The decline of marriage in Fishtown matters, Murray says, because we have an abiding national interest in seeing children raised in two-parent households. Murray might be overstating the importance of living with married parents, as opposed to couples in cohabitation (which is way up in the last 20 years). But if he's right, the following statistic should scare the heck out of you: In 1970, only 6% of births to undereducated "Fishtown" women were out of wedlock; by 2008, it had grown to a whopping 44%.
MEN AND MARRIAGE
If Pride and Prejudice were written today, it might begin, "It is a truth universally acknowledged, that a single man in possession of a good fortune is practically an endangered species." In the last two years, this magazine has published two cover stories -- on the End of Men and the rise of the Single Lady -- that posited that "a marriage regime based on men's overwhelming economic dominance may be passing into extinction."
Marriage Extinction Watch is on high alert in the poorer segments of the country. In 2007, among women without a high-school diploma, just 43 percent were married. One reason was that the men they're mostly likely to marry are faring so poorly. The wages for all prime-age men have fallen by 40% in the last 40 years, after you account for the fifth of these men who have dropped out of the labor force.
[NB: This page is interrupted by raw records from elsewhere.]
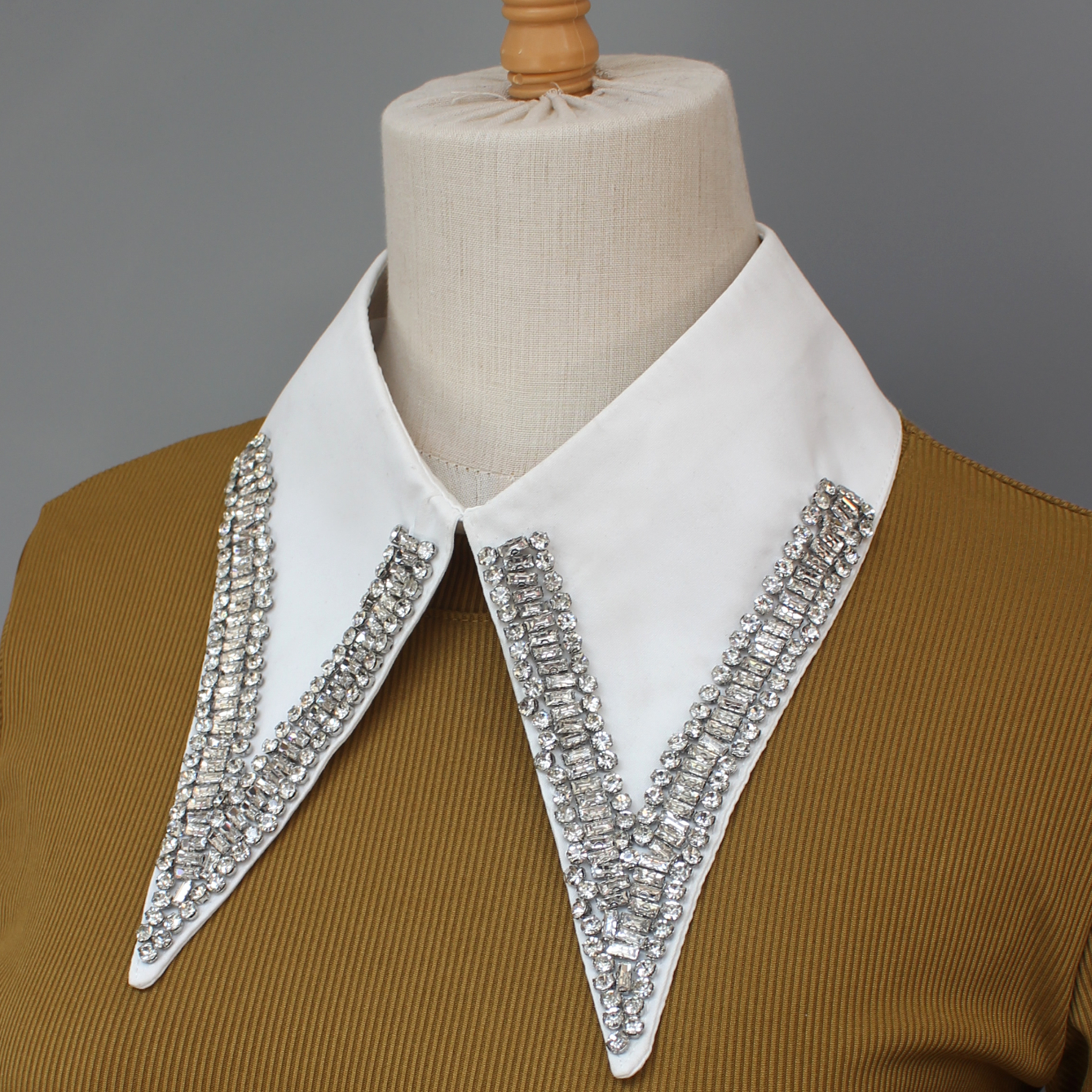High-quality luxurious false collar. Deluxe version. Shiny collar. Retro, hand-embedded diamonds. Lady's decoration. For spring,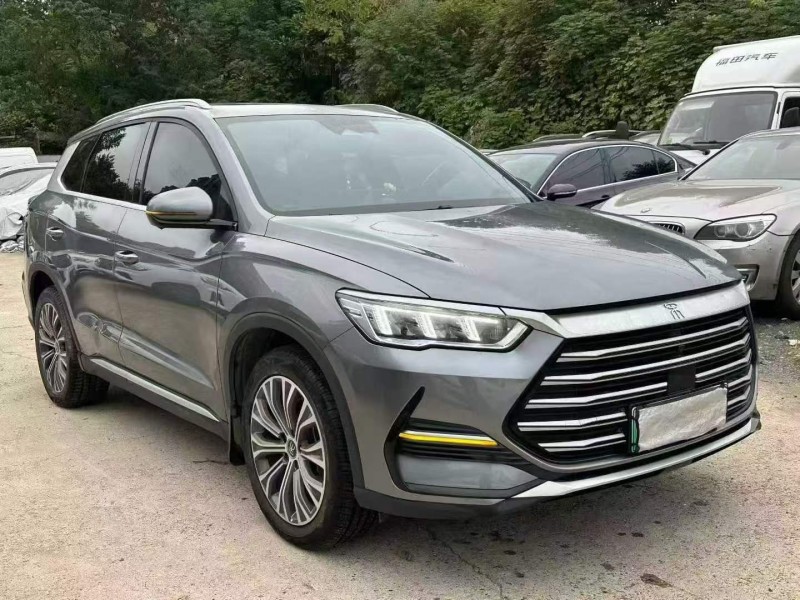 常德23年比亚迪宋5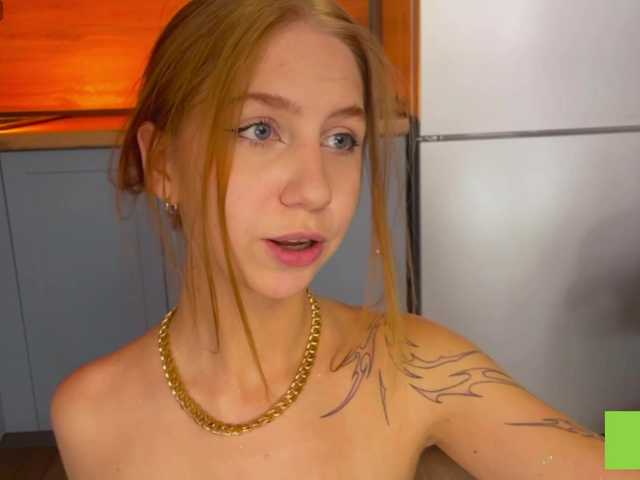 TastyVeni live cam on BongaCams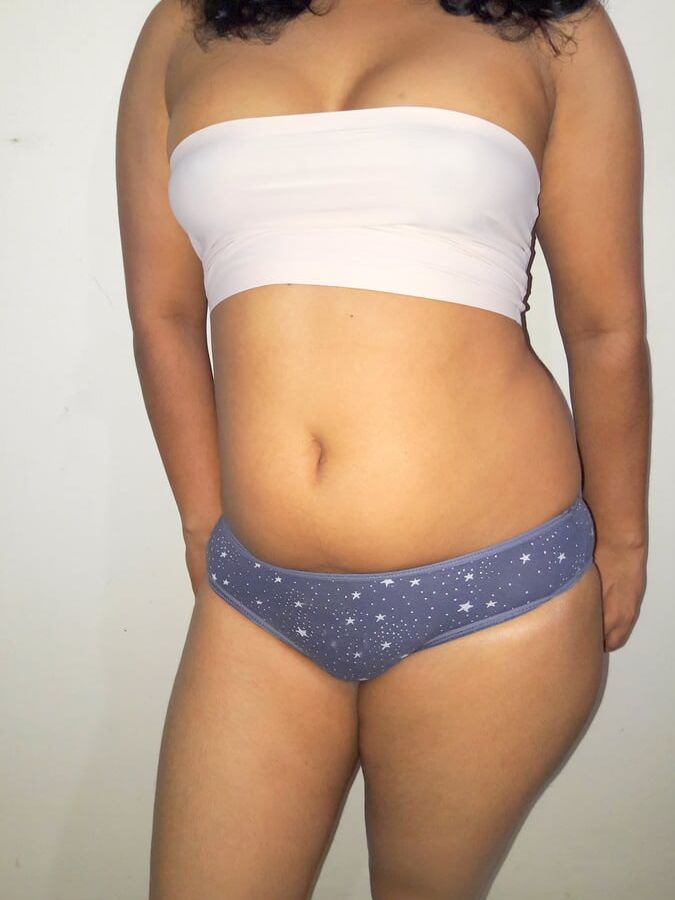 Sri Lankan Busty Wife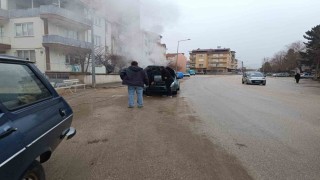 Araç yangınını vatandaşlar söndürdü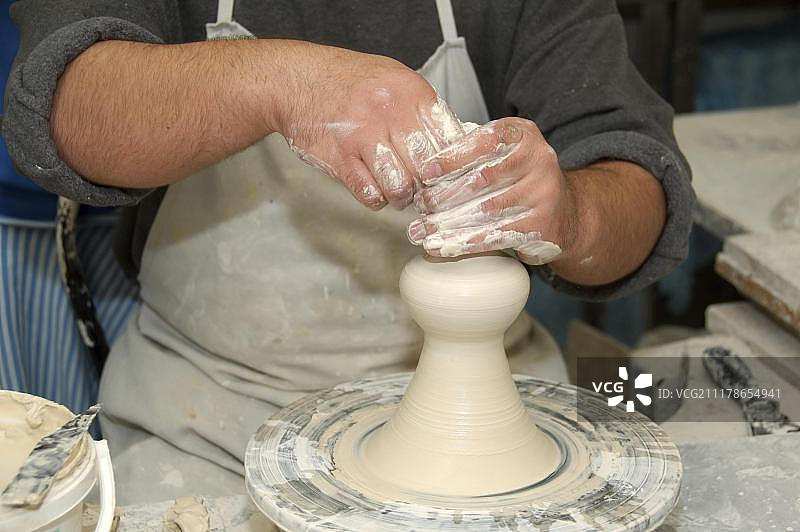 在土耳其穆拉省陶器作坊工作的陶艺工人图片素材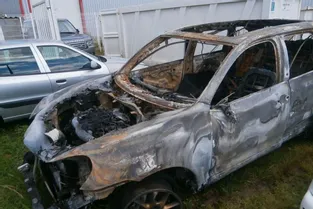 Haute-Loire : trompée, elle brûle la Porsche Cayenne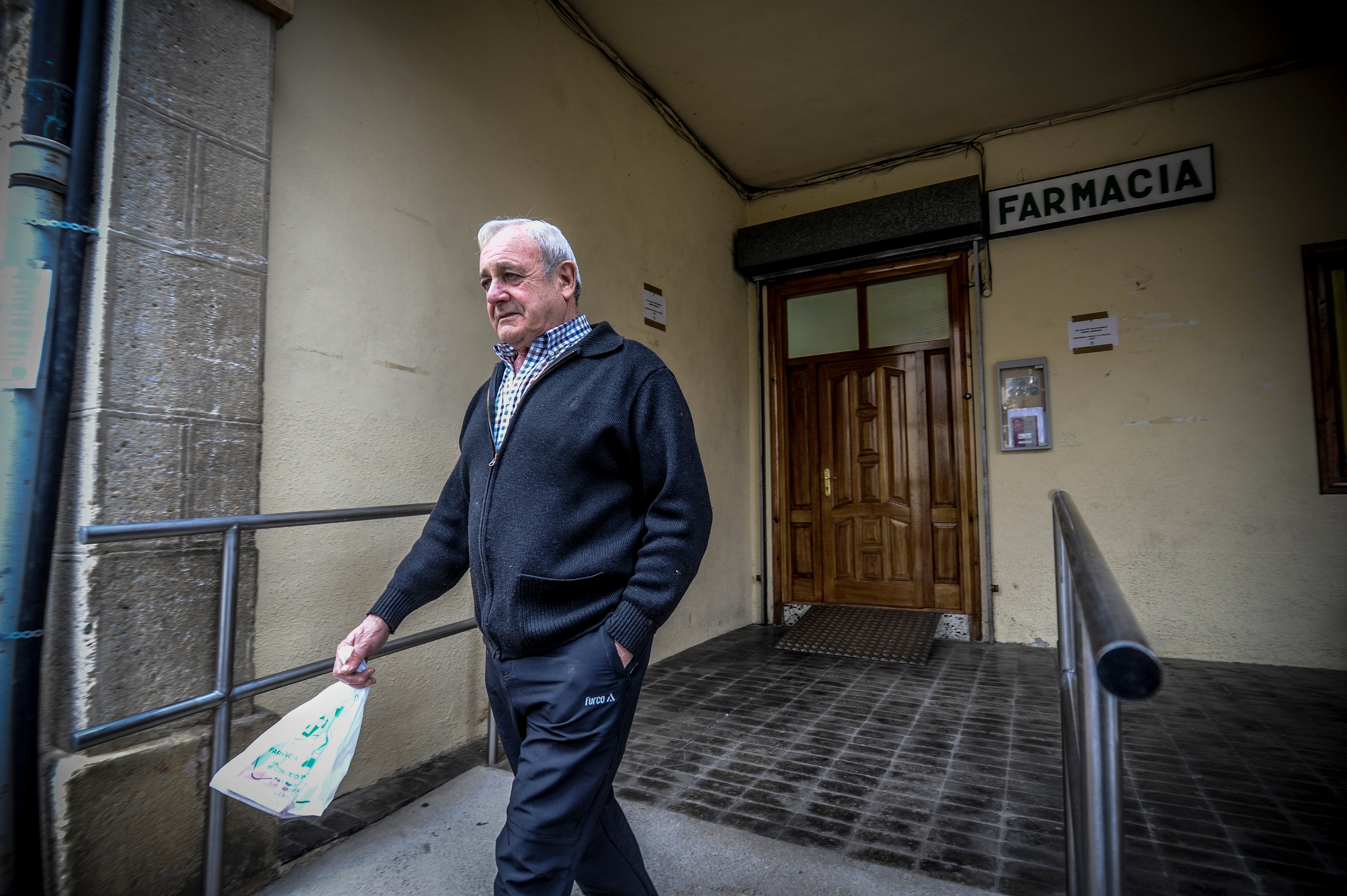 Manuel Pérez de Cárcamo regresa de la farmacia, situada a 50 metros de su casa en Salinas.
As the Hamilton Project reported last week, falling male earnings track closely to declining marriage rates. "At the bottom 25th percentile of earnings ... half of men are married, compared with 86 percent in 1970," Greenstone and Looney write.
We cannot know why millions of couples who might have been tying the knot 40 years ago aren't doing so today. Cohabitation is a factor. Divorce is a factor. But so is economics.
It might help to think of the marriage marketplace as, well, a marketplace. Historically, men and women have gone to the market to marry for the same reason that employers go the market to hire. They are looking to hook up with a productive "partner." As women are likely to seek partners in their income class, poorer women are more likely to be surrounded by men with low and falling fortunes, and more have chosen to forgo a union that could become a financial drain.
'TIL DEATH: A SILVER LINING?
If twentysomethings are responsible for inspiring "end of marriage" talk, let's praise seniors for keeping the institution alive by staying alive. Today's Americans aged 60 and higher are as likely to be married as any other generation before them at that age. In fact, those over 65 are now more likely to be married as those in their 20s -- a moment that is unique in history. Adults are living longer, having fewer children, divorcing at a higher rate, and finding new partners, Stevenson and Wolfers write.
The institution of marriage has changed in the last 130 years. First, how unusually early twentysomethings married around 1960. This suggests that comparisons to that generation imply an exaggerated collapse. Second, at every age up to 60, today's Americans are less likely to be hitched than any generation before them. Third, this suggests that seniors are marrying close to their age. The shrinking gap between the ages of husbands and wives that helps to explain why couples are more likely to sort within their income group. Finally, it implies that even with rising divorces, the market for re-marriages is strong.
If somebody tells you nobody your age is getting married anymore, the optimistic rejoinder is: Just wait. Marriage isn't dead. It's just changed, and running a few years behind schedule.